Short descriptive text snippets:
***
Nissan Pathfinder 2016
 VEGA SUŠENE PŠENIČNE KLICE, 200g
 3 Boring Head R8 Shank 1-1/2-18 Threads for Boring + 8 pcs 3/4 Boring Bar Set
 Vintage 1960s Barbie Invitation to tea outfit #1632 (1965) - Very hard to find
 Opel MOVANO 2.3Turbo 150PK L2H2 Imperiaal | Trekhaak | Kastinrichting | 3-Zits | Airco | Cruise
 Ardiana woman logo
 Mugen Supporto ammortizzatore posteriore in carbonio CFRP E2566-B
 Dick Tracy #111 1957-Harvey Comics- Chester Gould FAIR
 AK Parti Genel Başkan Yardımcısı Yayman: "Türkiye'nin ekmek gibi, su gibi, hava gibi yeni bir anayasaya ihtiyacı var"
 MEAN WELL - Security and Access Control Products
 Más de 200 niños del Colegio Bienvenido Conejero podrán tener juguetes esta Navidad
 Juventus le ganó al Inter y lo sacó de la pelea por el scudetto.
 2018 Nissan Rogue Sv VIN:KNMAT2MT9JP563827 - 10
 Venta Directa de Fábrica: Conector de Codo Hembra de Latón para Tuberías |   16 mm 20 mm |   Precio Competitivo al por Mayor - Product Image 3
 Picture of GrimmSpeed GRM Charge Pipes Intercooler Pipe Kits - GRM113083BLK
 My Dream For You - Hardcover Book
***
● **Directions**
Return all of the lines above exactly, with none omitted.

● **Written response**
Nissan Pathfinder 2016
 VEGA SUŠENE PŠENIČNE KLICE, 200g
 3 Boring Head R8 Shank 1-1/2-18 Threads for Boring + 8 pcs 3/4 Boring Bar Set
 Vintage 1960s Barbie Invitation to tea outfit #1632 (1965) - Very hard to find
 Opel MOVANO 2.3Turbo 150PK L2H2 Imperiaal | Trekhaak | Kastinrichting | 3-Zits | Airco | Cruise
 Ardiana woman logo
 Mugen Supporto ammortizzatore posteriore in carbonio CFRP E2566-B
 Dick Tracy #111 1957-Harvey Comics- Chester Gould FAIR
 AK Parti Genel Başkan Yardımcısı Yayman: "Türkiye'nin ekmek gibi, su gibi, hava gibi yeni bir anayasaya ihtiyacı var"
 MEAN WELL - Security and Access Control Products
 Más de 200 niños del Colegio Bienvenido Conejero podrán tener juguetes esta Navidad
 Juventus le ganó al Inter y lo sacó de la pelea por el scudetto.
 2018 Nissan Rogue Sv VIN:KNMAT2MT9JP563827 - 10
 Venta Directa de Fábrica: Conector de Codo Hembra de Latón para Tuberías |   16 mm 20 mm |   Precio Competitivo al por Mayor - Product Image 3
 Picture of GrimmSpeed GRM Charge Pipes Intercooler Pipe Kits - GRM113083BLK
 My Dream For You - Hardcover Book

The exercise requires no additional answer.